Dear Editor,

Zamperetti et al. discuss the ethics of organ procurement in the setting of controlled donation after circulatory determination of death (cDCDD) [1]. A pressing issue that they do not address is the appropriateness of using mere permanence versus irreversibility of circulatory cessation as the criterion of death. The difference is that permanence is based on the clinical decision of not resuscitating the circulation and not on physiologic irreversibility per se [2]. The authors question how long should the “no-touch” period be. This is problematic since if we require irreversible circulatory cessation, the waiting period becomes prohibitively long. On the other hand, if we are satisfied with permanence of cessation, the waiting period is simply arbitrary; as the authors nicely phrase it, “we have to choose a shade of violet after which organ retrieval is allowable”. This arbitrariness is reflected by the variable waiting periods across different countries and hospital protocols all the way from 75 s in Denver, Colorado to 20 min in Italy [3]. So, do we offer a service to the donor by waiting longer? Is waiting longer necessary in order to treat the donor as an “end in itself”? If the answer is no, then is a waiting period necessary at all?

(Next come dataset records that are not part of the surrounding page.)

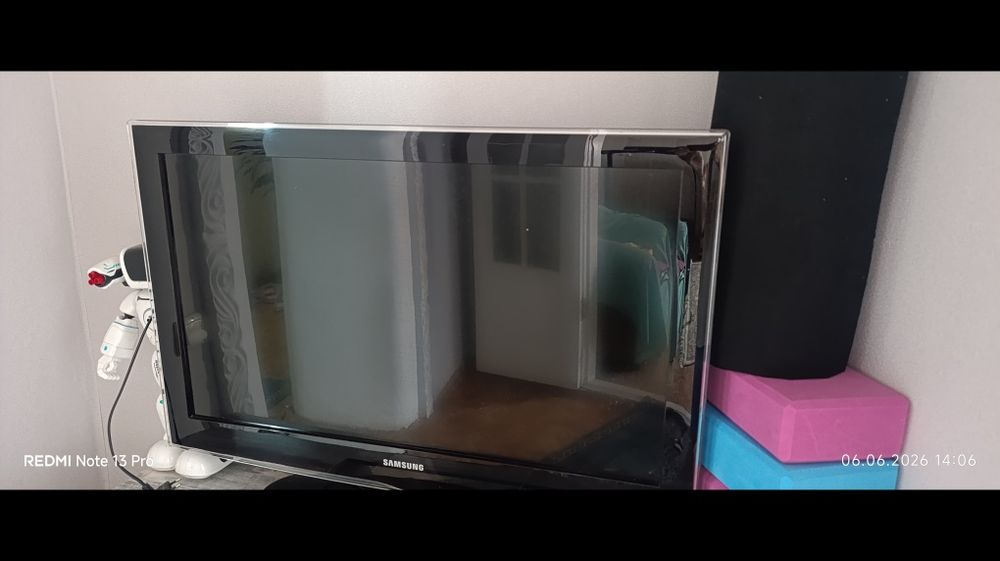 Телевизоры без Smart TV
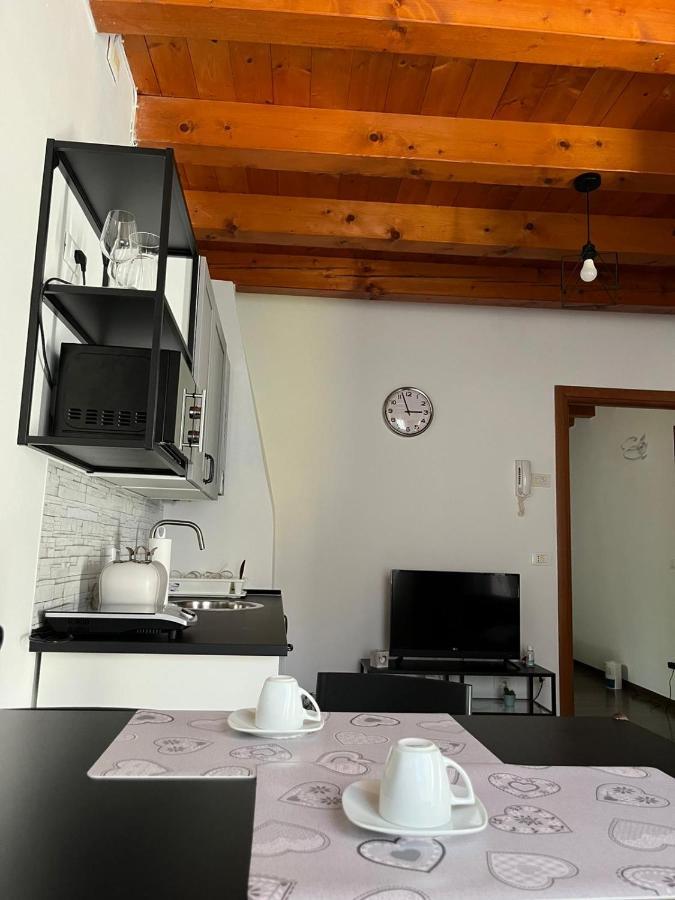 Apartamento Da Marcela Marostica Exterior foto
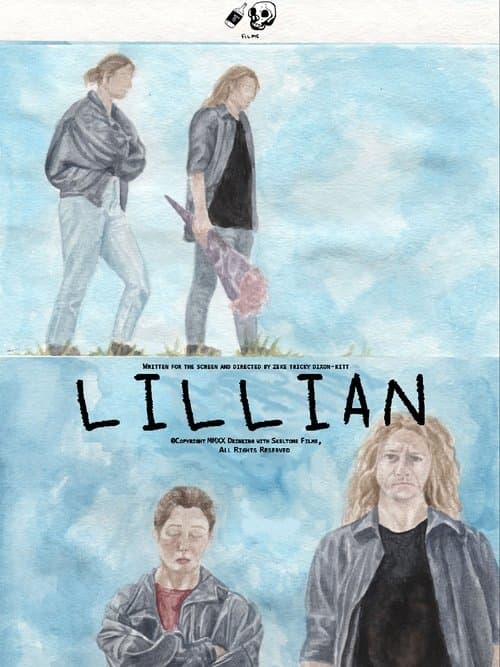 Lillianのポスター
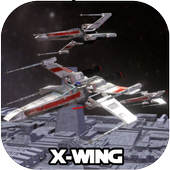 Squadron Wars : X-Wing icon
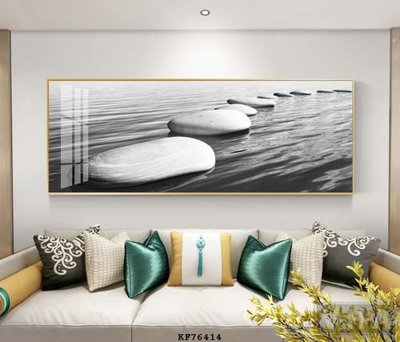 Tải file gốc File tranh hiện đại pha lê gương KF76414 (để in lụa)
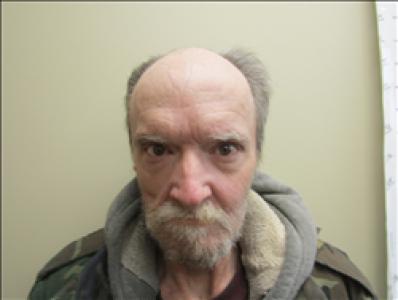 David Lee Middleton a registered Sex, Violent, or Drug Offender of Kansas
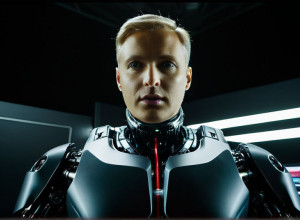 Вплив штучного інтелекту на ринок праці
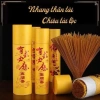 Hộp Hương Thần Tài - Nhang Cuộn Ít Khói Tài Lộc, Giá 69.500đ (Giảm từ 89.655đ) 6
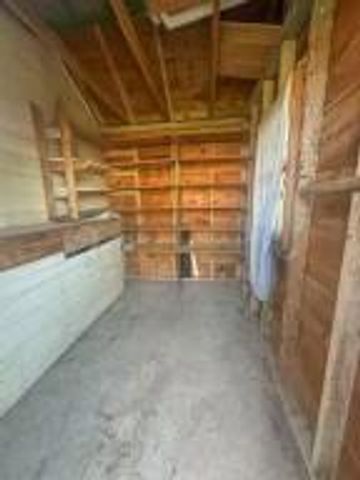 Package Property, Lubbock, TX 79410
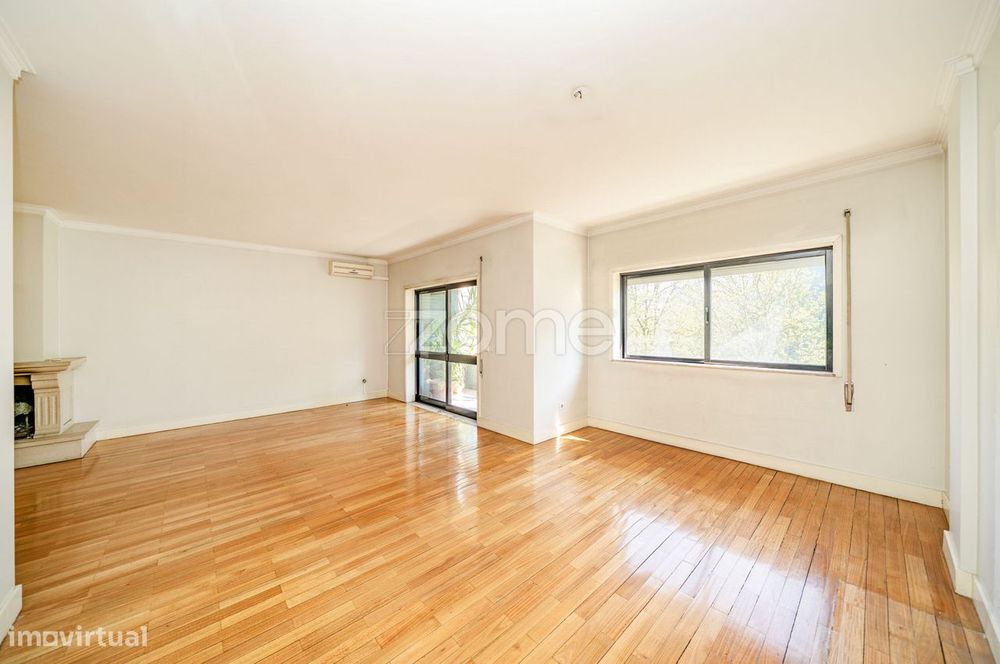 Apartamento T3 em S .Vicente, Braga!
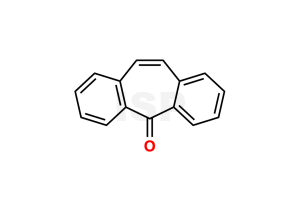Cyclobenzaprine Dibenzosuberenone Impurity - Image 1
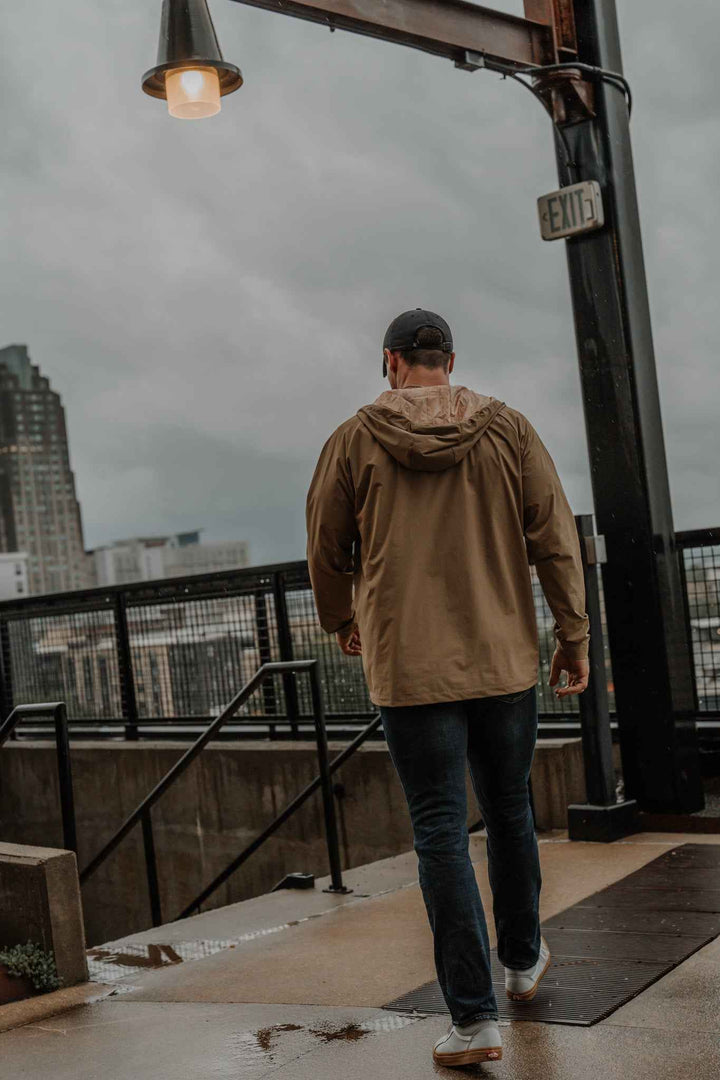 Men's Journey Jacket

Remember that in voluntary cDCDD: (1) The donor has been consented (often via surrogates) and so donation is the way to respect the donor’s autonomous will, and (2) The patient will undergo withdrawal of artificial support and inevitably die, regardless of donation or not. The obvious objection here is that without a waiting period, we would be violating the dead donor rule (DDR). But if we are respecting the autonomy of the donor in the face of her/his inevitable death, and we are minimizing harms by performing the procurement under general anesthesia and by respecting patient and family’s end-of-life preferences, it is hard to see how devotion to the DDR adds anything of moral significance.

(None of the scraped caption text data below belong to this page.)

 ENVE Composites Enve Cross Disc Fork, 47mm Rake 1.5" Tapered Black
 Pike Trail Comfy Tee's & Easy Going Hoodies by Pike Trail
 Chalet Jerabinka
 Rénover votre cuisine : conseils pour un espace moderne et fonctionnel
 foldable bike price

The authors argue that waiting for 5 min is better than 2 min because a 5-min period ensures both confirmation of a spontaneously irrecoverable dying process and offers families sufficient time with their deceased. These reasons though are not convincing, since waiting for 5 min does not ensure irreversibility; many patients may achieve return of spontaneous circulation (with resuscitative efforts) after 5 min of arrest. The 5-min period is based on the same criterion as the 2-min period, which is again permanence of cessation and thus offers no greater moral justification. Also, it is hard to accept that three extra minutes can make a large difference for grieving families. It follows that not only the 20-min waiting period is too long but also the 5-min period is too long. I agree with the authors that in the absence of strong moral reasoning we ought to focus on efficiency in order to avoid unnecessary prolongation of ischemic organ damage; thus, I would argue that the way to achieve this is not to shorten the “no-touch” period but to abolish it.